# Unbundling Patterns: Federated Databases vs. Composed Pipelines

## The Core Analogy

A relational database internally maintains several subsystems:
- **Secondary indexes** — allow efficient lookup by non-primary-key fields
- **Materialized views** — precomputed query results stored for fast read access
- **Replication logs** — propagate changes to follower replicas
- **Full-text indexes** — built into some databases (PostgreSQL tsvector, MySQL FULLTEXT)
- **Query optimizer** — selects efficient execution plans across indexes and joins

When you compose specialized systems — a primary OLTP database, a search index, an analytics warehouse, a feature store — you are implementing these same subsystems outside the database, as independent services connected by an event log. The event log plays the role of the replication log.

This is the "unbundling databases" or "database inside-out" approach: taking features that are built into databases as tightly coupled subsystems and implementing them as loosely coupled independent services.

## Two Approaches to Composition

### Federated Databases (Unified Reads)

A federated database (or polystore) provides a unified query interface over multiple underlying storage engines. Users query a single endpoint; the federated layer routes subqueries to the appropriate backend and merges results.

**Examples:** PostgreSQL Foreign Data Wrappers (FDW), BigQuery federated queries, Presto/Trino.

**Strengths:**
- Single query language for users
- No data movement required for read-only analytical queries
- Applications that need a specialized data model still have direct access to their native storage

**Weaknesses:**
- Query optimization across heterogeneous engines is complex
- No good answer to synchronizing writes across backends — reads are unified, writes are not
- Performance depends on the least-capable backend for cross-store queries

**When to use:** When you need unified read access to existing independent stores and can tolerate the write-synchronization problem being handled separately.

### Composed Pipelines (Unified Writes)

The composed pipeline approach focuses on write synchronization: one system is the source of truth; all others are derived. The event log synchronizes writes deterministically.
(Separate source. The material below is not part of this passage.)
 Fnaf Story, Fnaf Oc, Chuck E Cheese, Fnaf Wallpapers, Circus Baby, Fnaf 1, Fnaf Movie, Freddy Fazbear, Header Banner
**The analogy to Unix pipes:**
```
# Unix: small tools, uniform interface (byte streams), composable
cat access.log | grep "ERROR" | awk '{print $1}' | sort | uniq -c

# Data systems: small tools, uniform interface (event log), composable
PostgreSQL → Debezium CDC → Kafka → Flink → Elasticsearch
                                          → Snowflake
                                          → Redis
```

Each tool does one thing well. The event log is the pipe. Application code is the shell script that wires them together.

**Strengths:**
- Loose coupling: a fault in Elasticsearch does not affect PostgreSQL or Snowflake
- Each store is optimized for its specific access pattern
- Historical reprocessing: replay the event log to rebuild any derived view
- Independent team ownership: each team operates their downstream consumer independently

**Weaknesses:**
- Operational complexity: more systems to deploy, monitor, and upgrade
- Asynchronous propagation: derived views lag behind the source of truth
- No standardized "pipe" yet: unlike Unix pipes, there is no universal protocol for composing storage systems

## Creating an Index as the Template

The `CREATE INDEX` operation in a relational database illustrates the pattern:

1. The database takes a consistent snapshot of the table
2. It scans all rows, extracts the indexed field values, sorts them, and writes the index structure
3. It applies any writes that arrived during the scan from the replication backlog
4. It continues maintaining the index on every subsequent write

This is exactly the bootstrap pattern for setting up a new derived view in a composed pipeline:
1. Take a consistent snapshot of the source of record (initial export)
2. Apply the snapshot to the derived store
3. Switch to consuming the ongoing event log from the point of the snapshot
4. Continue consuming the log indefinitely

The difference is that `CREATE INDEX` is built into the database and runs automatically. In a composed pipeline, you implement this bootstrap manually — but the logic is identical.

## The Missing Piece

Unix has the shell as a high-level language for composing tools via pipes. Data systems do not yet have an equivalent. The vision:

```
# Hypothetical declarative composition
mysql | elasticsearch  # = CREATE INDEX in MySQL, continuously replicated to Elasticsearch
```

This would mean: take all documents in MySQL, index them in Elasticsearch, and continuously apply all future changes. Tools like Debezium + Kafka + a stream processor approximate this, but with significantly more configuration and operational overhead than a pipe operator.

## When a Single System Wins

The goal of unbundling is breadth — serving more access patterns than any single system can. It is not a goal in itself.

**Use a single system when:**
- One technology satisfies all access patterns at the required scale
- The marginal benefit of specialized stores does not justify the operational cost
- The team does not have capacity to operate multiple systems reliably

"If there is a single technology that does everything you need, you're most likely best off simply using that product rather than trying to reimplement it yourself from lower-level components." — Kleppmann, Ch. 12

Premature unbundling — composing systems before the single-system ceiling is reached — adds complexity without benefit and may lock the team into an inflexible design.